I spoke with Liz in 2012 regarding an upcoming beauty and ageing article for online magazine, Golden Pen Magazine. A link to the article will be posted once it’s published; below are some of my questions to Liz.
Do you think all women have an inner need to feel beautiful? Why?
I can’t answer for all women but I think a majority do. As little girls we are so often admired for being beautiful and encouraged to think that it’s really important for a girl or woman – more important than anything else. The current media landscape constantly reiterates this – we are surrounded by images of very young, very beautiful women and messages of the importance of perfect physical beauty and sexiness. Beauty is seen as something purely physical and often very superficial – in other words – something that can be achieved with cosmetics and cosmetic procedures and surgery. The idea that true beauty comes from within seems to have got lost – crushed under the steamroller of marketing by the beauty and fashion industries.
How do concepts of beauty change as women get older? Is there a mythical age in which women go “downhill”?As women age they are encouraged to cling to a ridiculous idea that beauty means youthful. So it’s easy for them to get caught up in attempts to stay young rather than trying to look good at the age they are. I’d argue that women don’t go downhill, in fact they get better and better especially if they are able to overcome the pressures to cling to youth, step into age, and be at peace with themselves. That’s when inner beauty shines through. But I do think women begin to feel invisible – if they don’t conform to the unrealistic images of ‘beauty’ that they see around them. It happens around 50 for most but lots of women have written to me to say that they began to feel it in their early or mid-forties.
How do you address this in In the Company of Strangers and other books?
I focus on midlife as a time of positive change and opportunity in which we can make choices about how we want to be as older women. I try to make the rich and rewarding lives of older women visible and to display the variety, the challenges, the heartaches and the enormous joy and wisdom of older women which all contribute to the texture of their lives and their true beauty.
Which woman (or women) best embody to you the beauty of ageing?
- Dame Judy Dench – actor
- Mary Robinson – Former President of Ireland and UN Commissioner for Human Rights
- The late Margaret Olley – artist
- Dame Vanessa Redgrave – actor
- Lowitja O’Donaghue – AM CBE Aboriginal leader and public administrator.
- Ruth Reid – Community leader and activist, patron of the arts and widow of former Governor of WA Professor Gordon Reid.
Do you agree with the idea that it’s attitude, not age, that counts? Yes.
Do you think women have become complacent?

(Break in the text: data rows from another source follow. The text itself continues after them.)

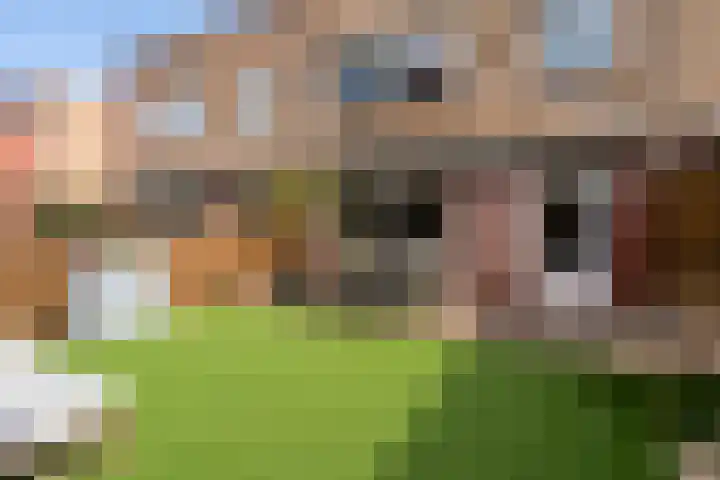 Ankerplaats 68 Katwijk thumbnail 36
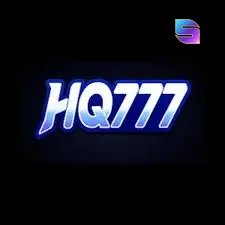 hq777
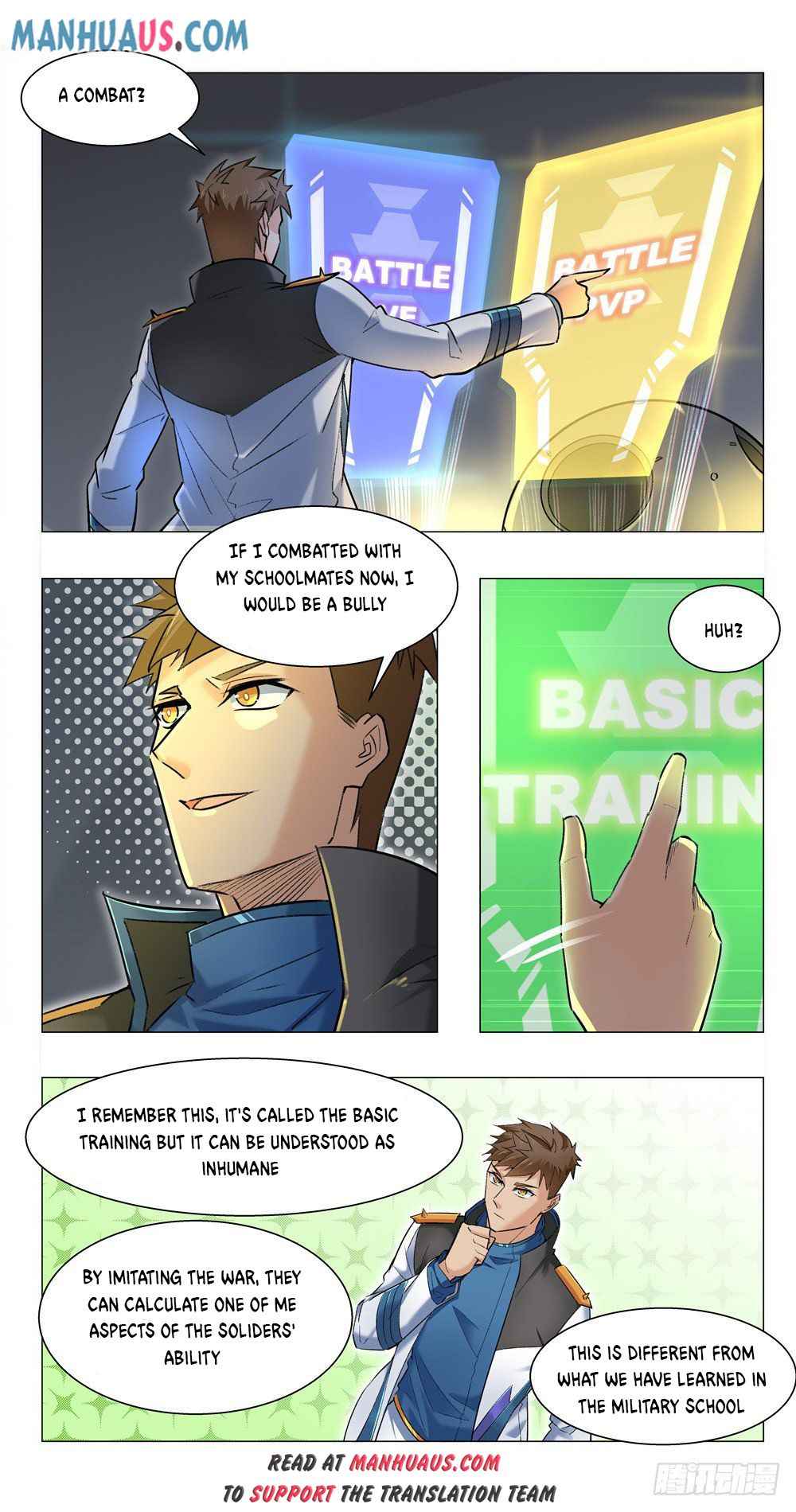 Page 14 of Chapter 7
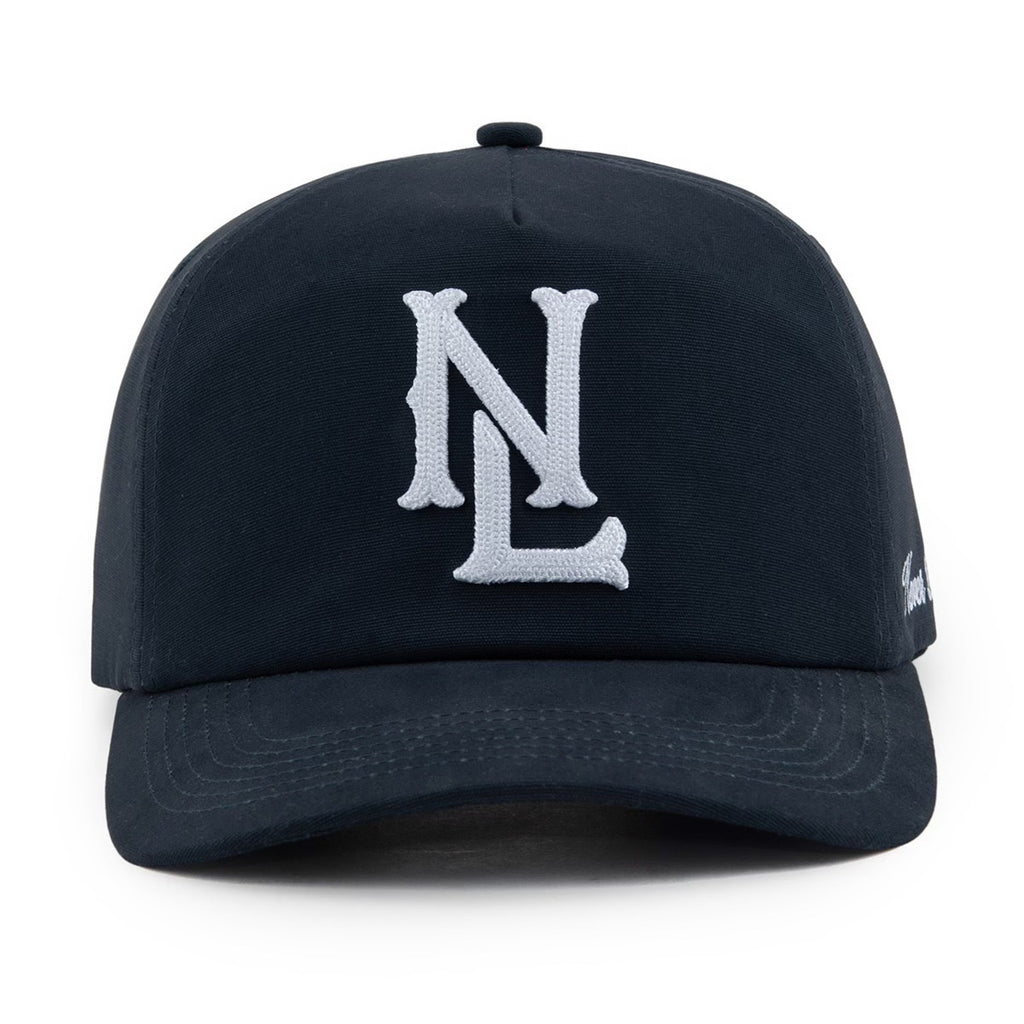 Navy Classic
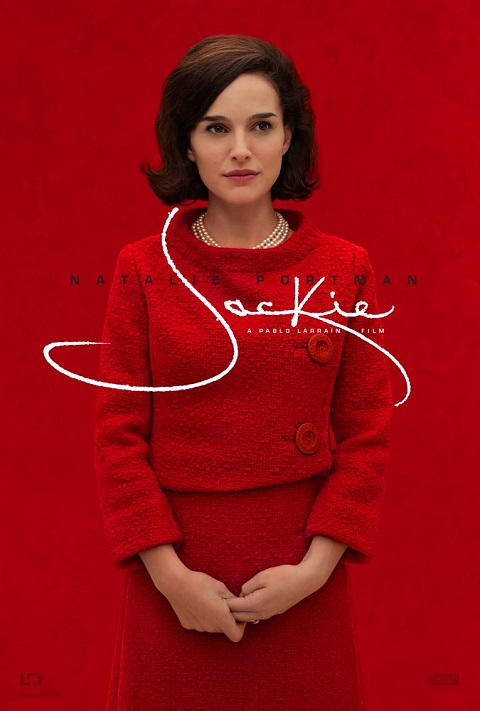 Jackie.jpg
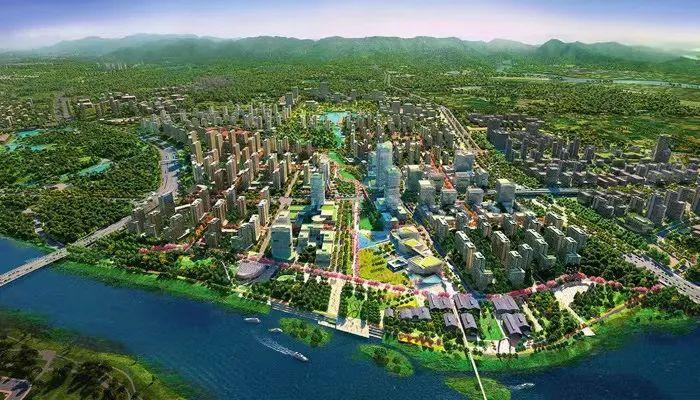 浙金信托：以慈善信托创新实践 助力共同富裕示范区建设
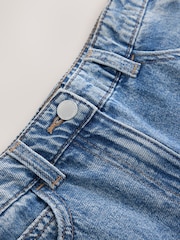 SmileyWorld® Mom Jeans (3-16yrs) - Image 8 of 9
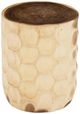 Classic Home Keila Natural End Table-2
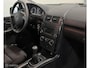 Mercedes-Benz A-klasse 160 BlueEFFICIENCY Business Class [ NAP 1e eigenaar ]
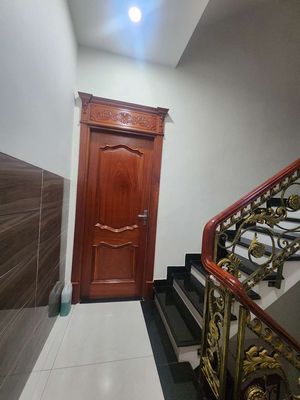 Renting a Advanced Room
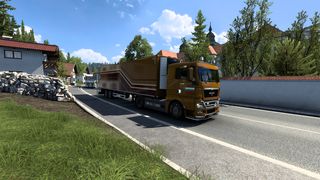 Image by Mailman51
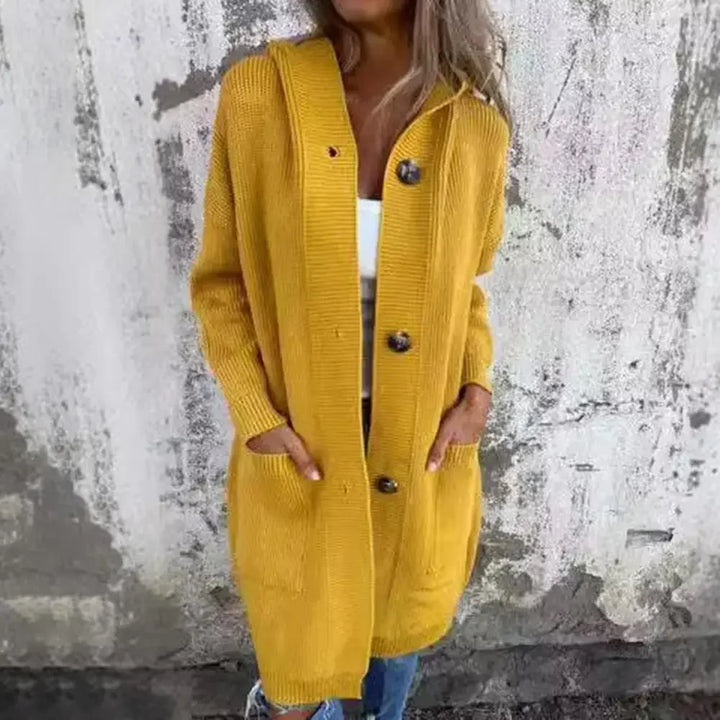Cape Town - CardiCoat™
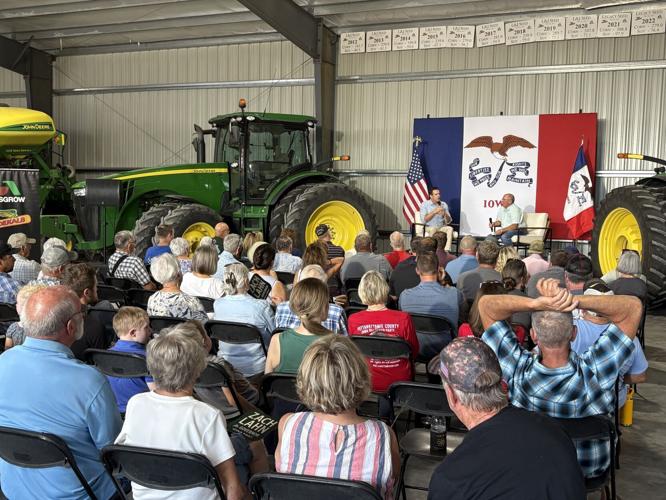 090326-cbn-news-lahn-town-hall-p2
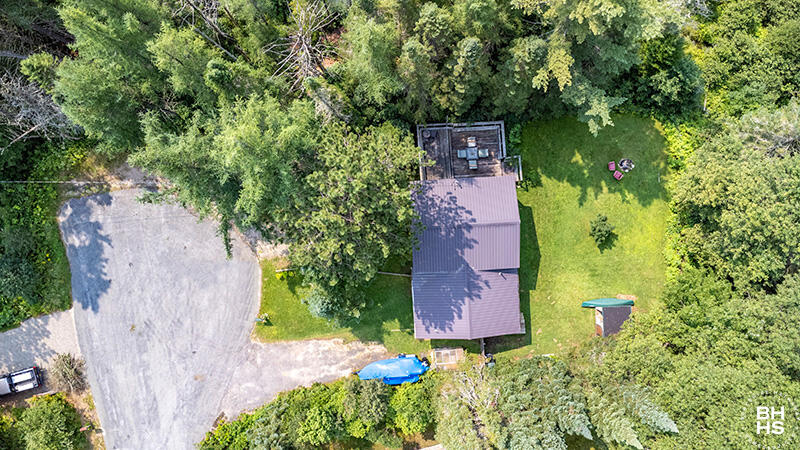 8 Landover Lane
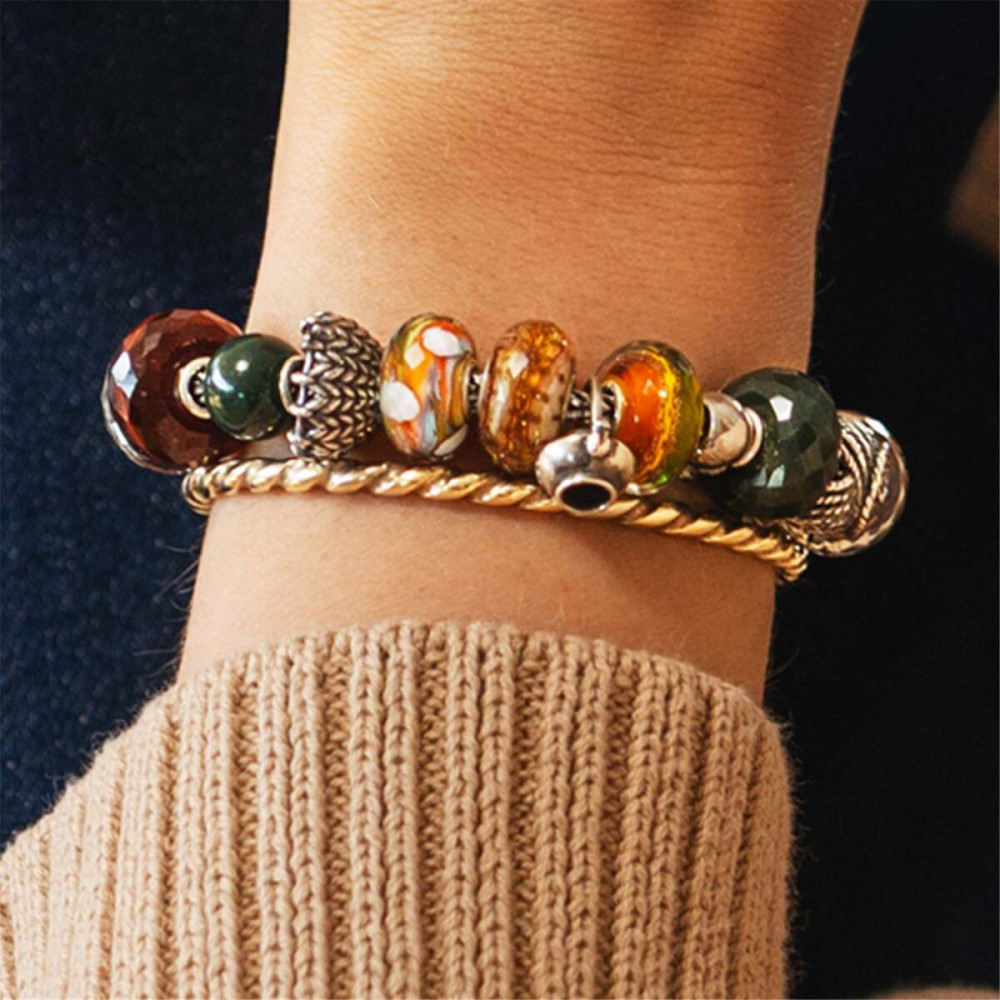 trollbeads-tglbe-30169-glazen-kraal-met-oogstkleuren
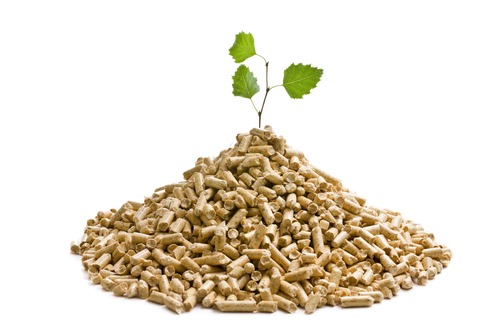 qu'est ce qu'un granulé de bois appelé pellets - ou acheter du granulés de bois en ligne : https://www.combustibles-gruchy.fr/ livraison partout en île de France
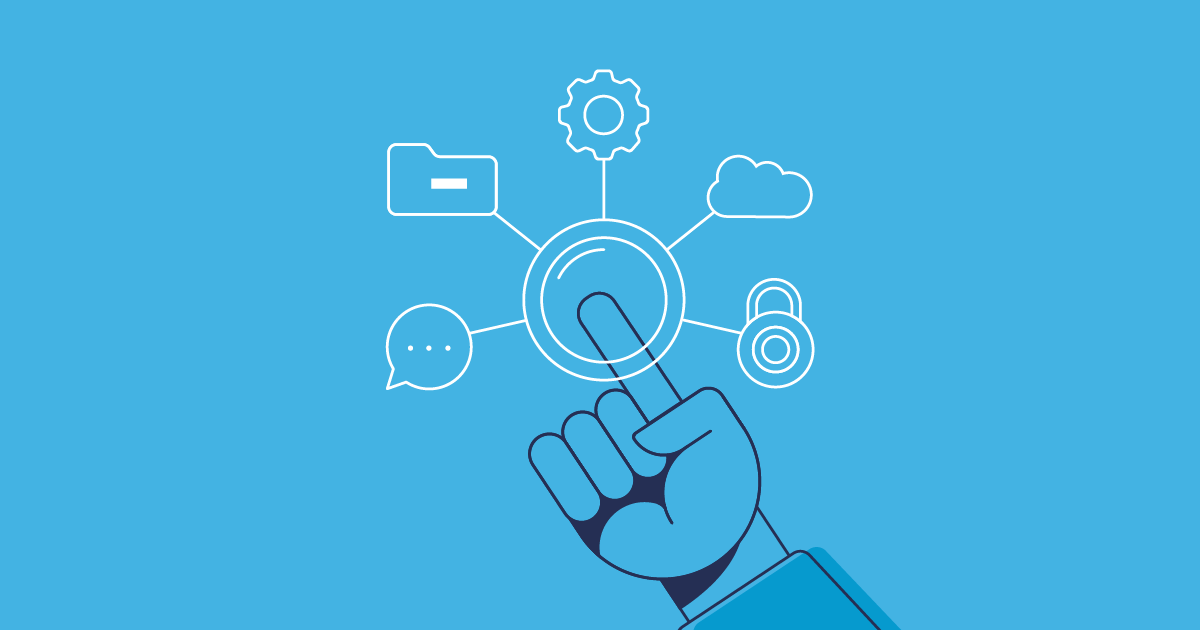 Gearset helps users' data deployments succeed when facing common Salesforce errors around picklist fields.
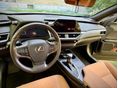 LEXUS UX 2022/12 - 4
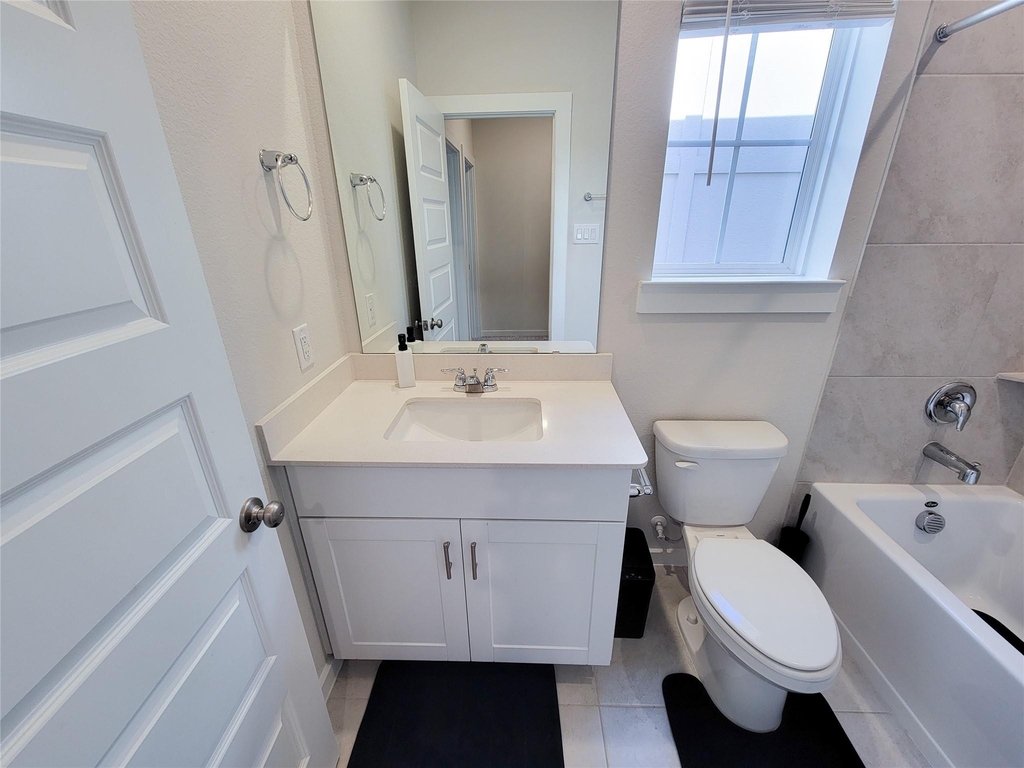 17105 White Acer Way - Photo 18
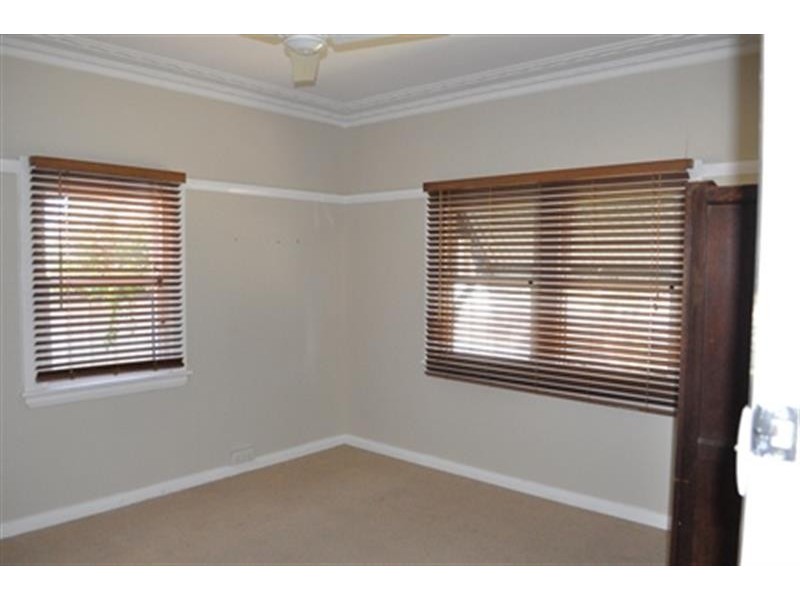 66 Palmer  St, Dubbo NSW 2830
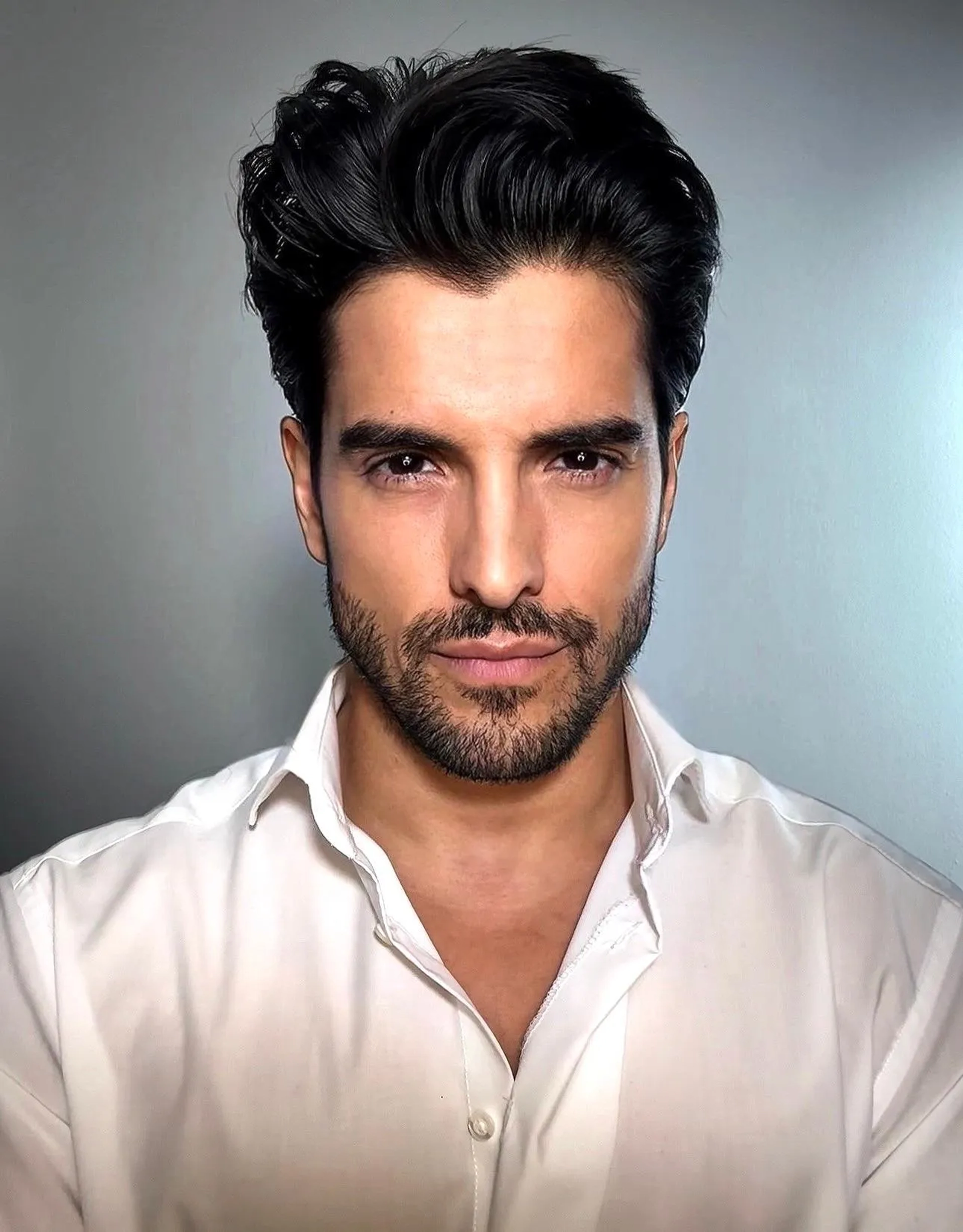 مایکل وانچک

I think there is a tendency among some young women to think that they will always be able to stay looking young and beautiful thanks to the beauty industry, so there is some complacency about that. Then when they face the first signs of age they panic. I think young women also think that feminism is irrelevant because the battles have been won. They haven’t and the rise of a particularly nasty form of sexism that attacks prominent women always on the basis of their sex than than on issues may, I hope, start to change this. I’m generalising and of course what I say doesn’t apply to every woman, but certainly women in mid- and later life are anything but complacent, they are determined to make the most of the second half of their lives, and seek opportunities to do things they didn’t have the chance, the time, or the money they did in their youth. They are energetic, determined and altruistic and enjoying the challenge of ageing.
What sort of reaction do you get to your books from readers? What kind of issues resonate with them the most? My readers range from teenagers to women in their nineties and a surprising number of men. Older women love the fact that they can read about women like themselves. They often say the books make them feel as though their lives are being noticed and valued. Sometimes they say a book has given them courage or ‘permission’ to change, to recognise that ageing is an opportunity rather than something that must simply be tolerated. They enjoy to read books that actually deal with things they are dealing with: adult children and grandchildren, ageing parents, floundering relationships, a sense of invisibility, starting new relationships at midlife, returning to work or study, finding new directions in later life, and adjusting to ageing. Young women tell me that the books have shown them that life after fifty can be fun, fulfilling and filled with opportunity. They say they find confidence and enthusiasm for ageing rather than seeing it as a something to fight and fear. And women and girls of all ages love the celebration of female friendships.
Which book/s are you reading now?
I’m re-reading some women’s fiction from the period of the 1930s –1959 for an academic paper I’m writing. So, currently on my bedside table are The Echoing Grove by Rosamund Lehmann, At Mrs Lippincote’s and A Wreath of Roses by Elizabeth Taylor, The Heat of the Day by Elizabeth Bowen and The Greengage Summer By Rumer Godden.
Judy Dench (actor) Mary Robinson (Former President of Ireland and UN Human Rights Commissioner) Doris Lessing (writer) Ruth Reid (community leader and volunteer) Shirley Williams (former British MP).